Items from a data source:

○ ○ ○ ○ ○

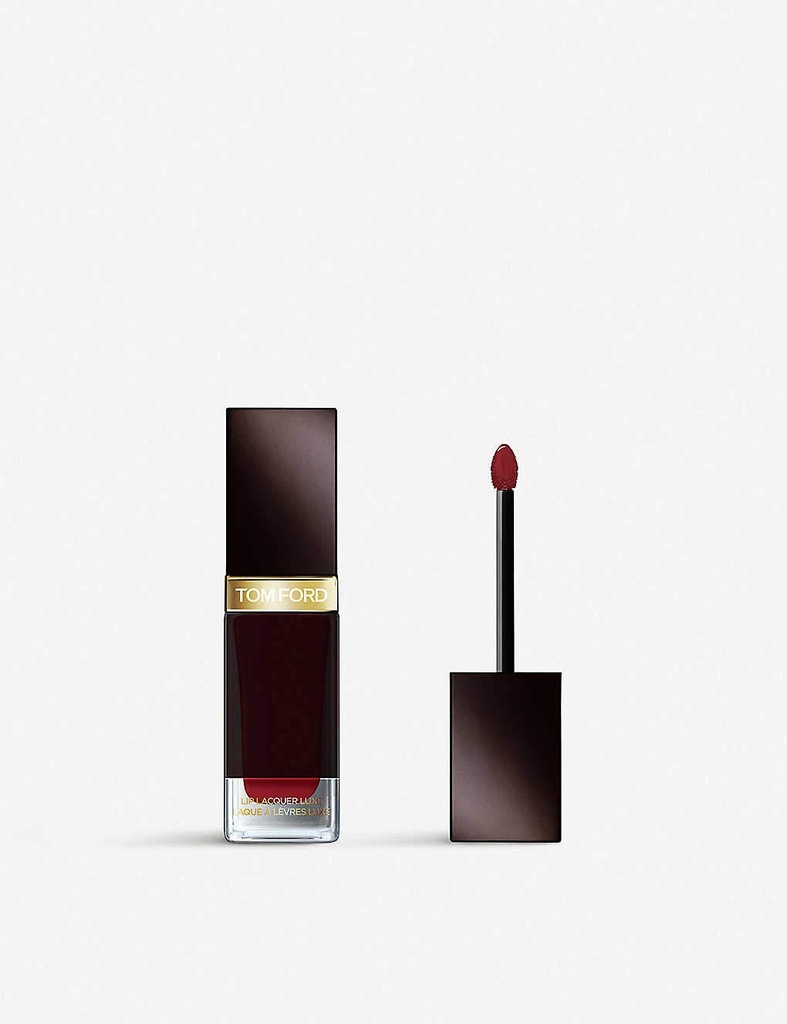 Tom Ford Lip Lacquer Luxe 06 Habitual Matte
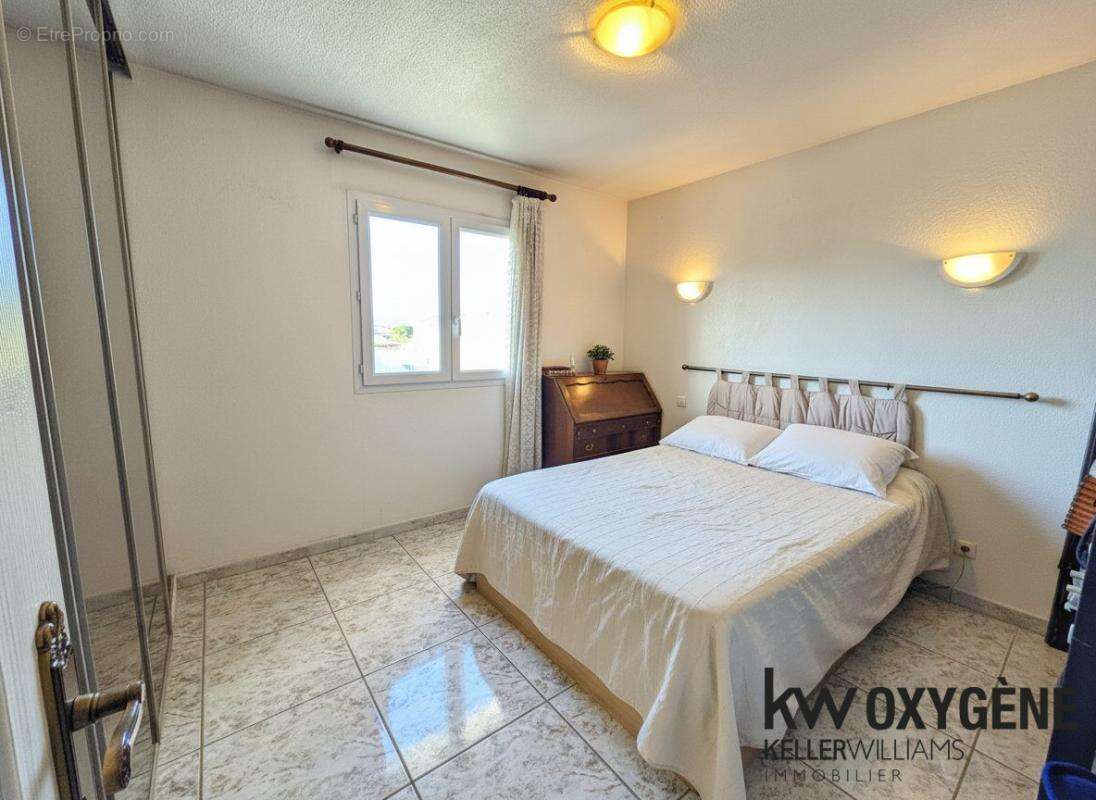 Maison à LE BARCARES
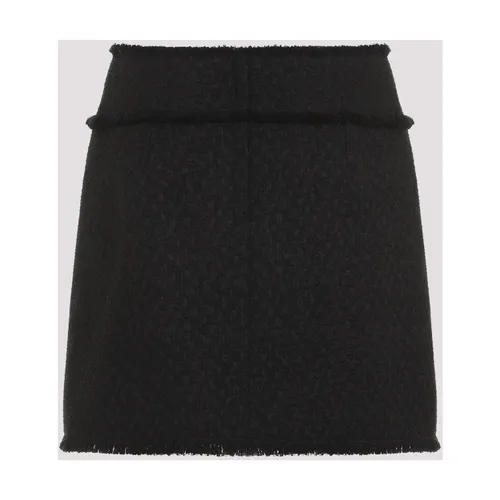 Skirts > Short Skirts - - Dolce & Gabbana - Modalova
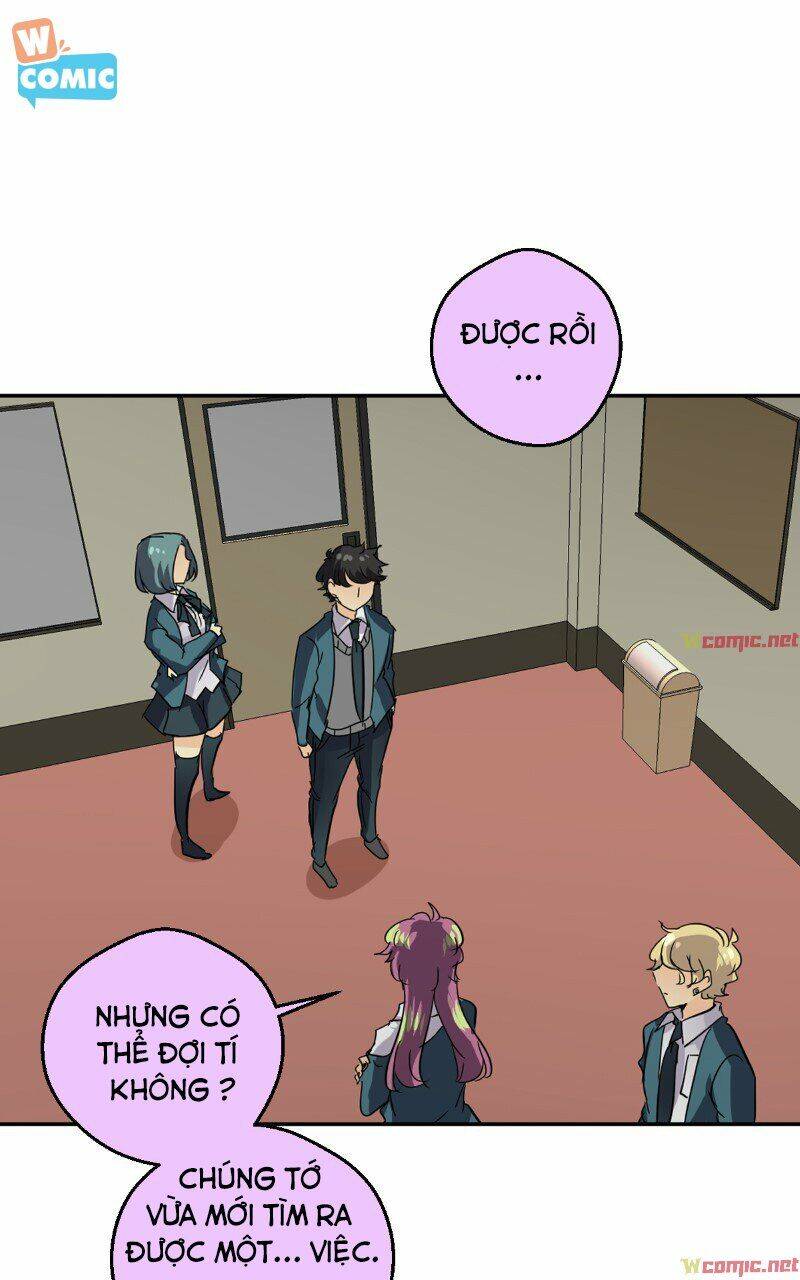 Unordinary Chapter 190 - Trang 8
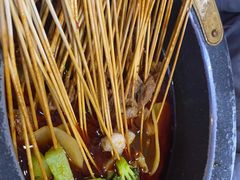 -冒椒火辣(奎星楼街店)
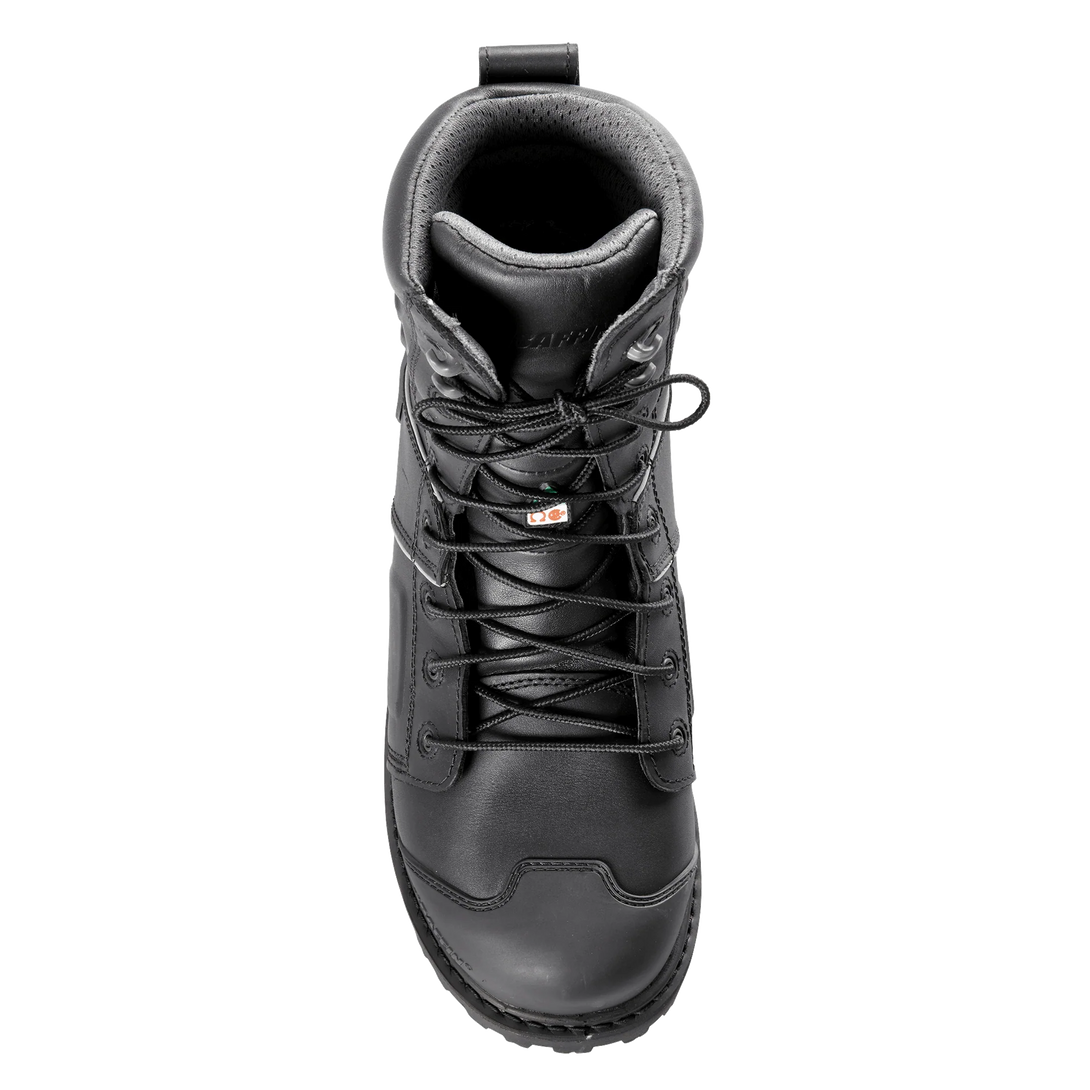 Baffin Men's Monster 8" Safety Toe & Plate Boot - Image 7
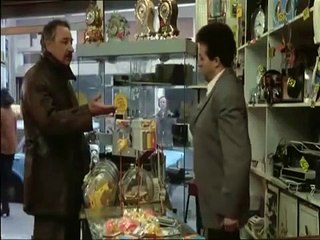 Les Ripoux Bande-annonce (EN)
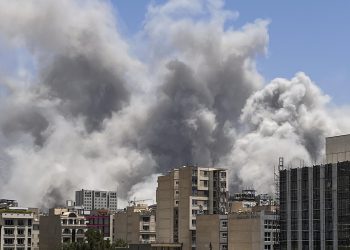 Ceasefire Agreement Announced Between Israel and Iran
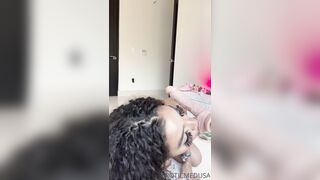 Eroticmedusa (Mommy Yogi) OnlyFans Leaks Girl Porn Video 175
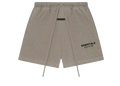 Newcop Fear Of God Essentials Classic Sweatshort Homestead Heather Ropa 1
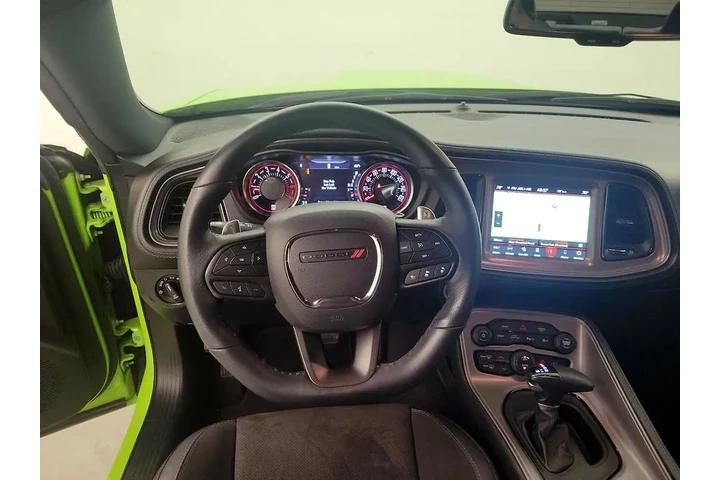 $35998 : Dodge Challenger 2023 R/T 2d image 10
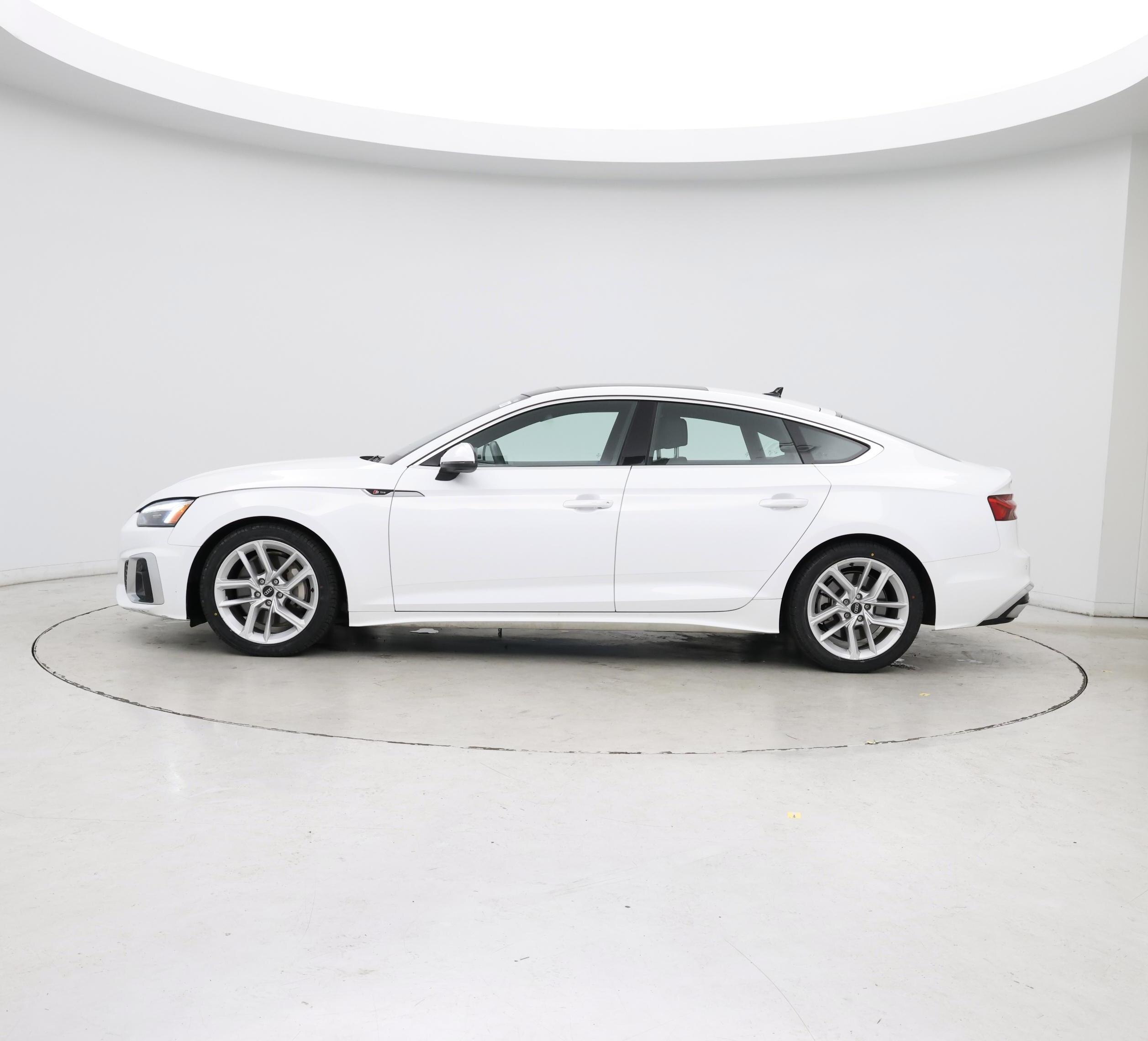 Thumbnail: 2024 Audi A5 - 3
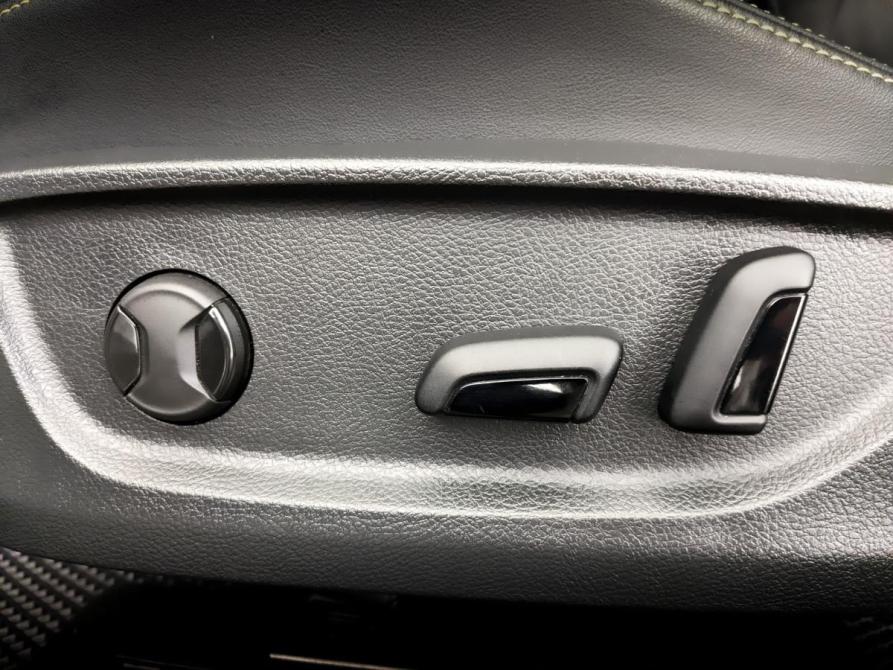 Skoda Octavia IV (A8) Москва  - изображение 21
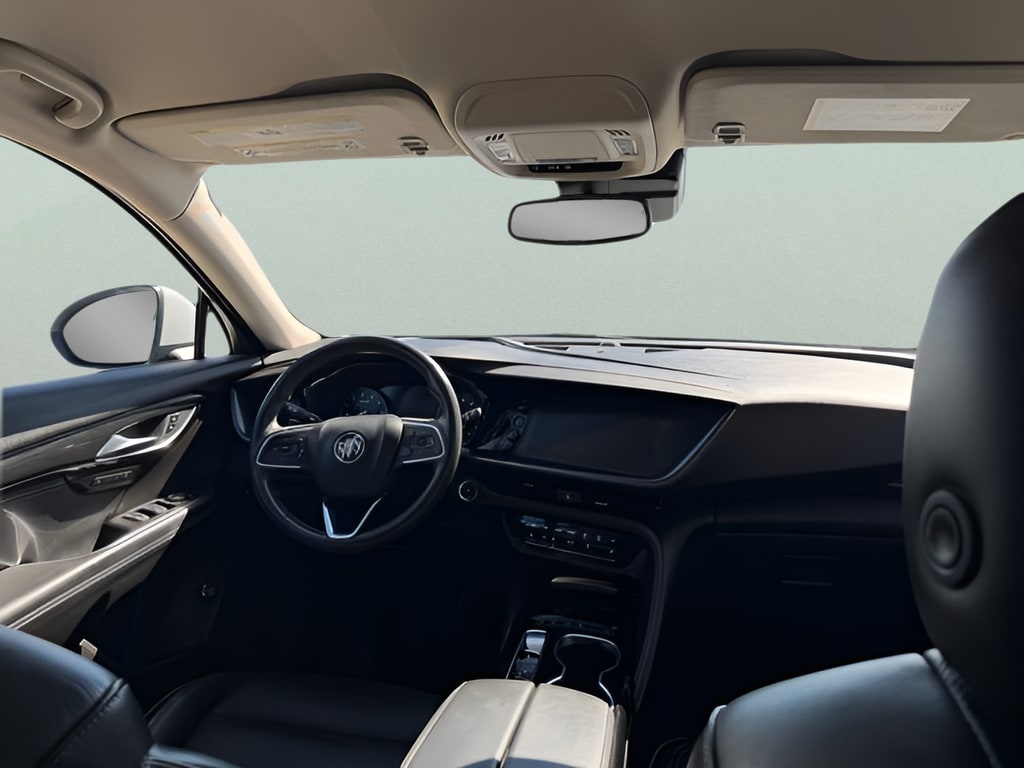 2022 Buick Envision Essence - Photo 14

○ ○ ○ ○ ○

• PROBLEM: With the pictures excluded, the line containing "Skirts > Short" and every line after it through the end of the data above are to be transcribed exactly, and nothing more.

• EXERCISE RESPONSE:
 Skirts > Short Skirts - - Dolce & Gabbana - Modalova
 Unordinary Chapter 190 - Trang 8
 -冒椒火辣(奎星楼街店)
 Baffin Men's Monster 8" Safety Toe & Plate Boot - Image 7
 Les Ripoux Bande-annonce (EN)
 Ceasefire Agreement Announced Between Israel and Iran
 Eroticmedusa (Mommy Yogi) OnlyFans Leaks Girl Porn Video 175
 Newcop Fear Of God Essentials Classic Sweatshort Homestead Heather Ropa 1
 $35998 : Dodge Challenger 2023 R/T 2d image 10
 Thumbnail: 2024 Audi A5 - 3
 Skoda Octavia IV (A8) Москва  - изображение 21
 2022 Buick Envision Essence - Photo 14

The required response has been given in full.